Hoje, elas seguem em luta contra o processo de feminização da pobreza acentuado pela globalização. Como afirma a intelectual Sueli Carneiro, é esta consciência que tem levado a ações na América Latina, no Caribe e nos países do primeiro mundo. A instituição do dia 25 de julho pela ONU é parte deste processo, fruto do 1º Encontro de Mulheres Afro-latino-americanas e Afro-caribenhas realizado em 1992 na República Dominicana, com a presença de representantes de 32 países.
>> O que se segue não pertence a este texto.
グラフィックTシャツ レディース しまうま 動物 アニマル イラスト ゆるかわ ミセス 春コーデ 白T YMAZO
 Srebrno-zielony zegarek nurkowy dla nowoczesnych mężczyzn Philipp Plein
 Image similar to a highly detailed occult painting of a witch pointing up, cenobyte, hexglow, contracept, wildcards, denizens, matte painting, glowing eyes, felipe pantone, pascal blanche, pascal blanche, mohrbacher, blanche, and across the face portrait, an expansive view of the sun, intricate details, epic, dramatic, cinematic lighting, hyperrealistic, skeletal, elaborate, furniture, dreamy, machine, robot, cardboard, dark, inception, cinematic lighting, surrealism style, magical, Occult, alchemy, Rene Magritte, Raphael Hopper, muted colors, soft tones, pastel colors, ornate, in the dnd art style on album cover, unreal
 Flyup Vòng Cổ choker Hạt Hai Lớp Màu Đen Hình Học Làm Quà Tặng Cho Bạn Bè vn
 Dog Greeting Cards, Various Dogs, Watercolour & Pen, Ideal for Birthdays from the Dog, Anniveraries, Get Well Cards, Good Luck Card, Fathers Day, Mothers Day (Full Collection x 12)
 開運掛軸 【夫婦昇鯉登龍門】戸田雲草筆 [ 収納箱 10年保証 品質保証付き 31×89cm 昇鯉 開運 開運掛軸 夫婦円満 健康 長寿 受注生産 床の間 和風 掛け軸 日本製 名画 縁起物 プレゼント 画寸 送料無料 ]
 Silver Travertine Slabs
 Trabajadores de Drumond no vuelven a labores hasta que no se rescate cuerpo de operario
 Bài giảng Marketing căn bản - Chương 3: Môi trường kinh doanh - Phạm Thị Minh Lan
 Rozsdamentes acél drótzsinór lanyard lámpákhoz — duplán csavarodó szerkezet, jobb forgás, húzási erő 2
No Brasil, 55,5% da população se autodeclara negra. As mulheres negras representam o maior grupo populacional (60,6 milhões), correspondendo a 28% da população (Informe MIR, 2023). Este dado reforça a diversidade de mulheres, suas comunidades e territórios, sejam do campo, das florestas, das águas ou das cidades. 

São vários os movimentos políticos de mulheres, responsáveis por criar formas de resistências às violências raciais e de gênero, e por incidir na garantia de direitos. A Marcha das Mulheres Negras e a Marcha das Margaridas são expressões que demonstram a potência das mulheres em movimento.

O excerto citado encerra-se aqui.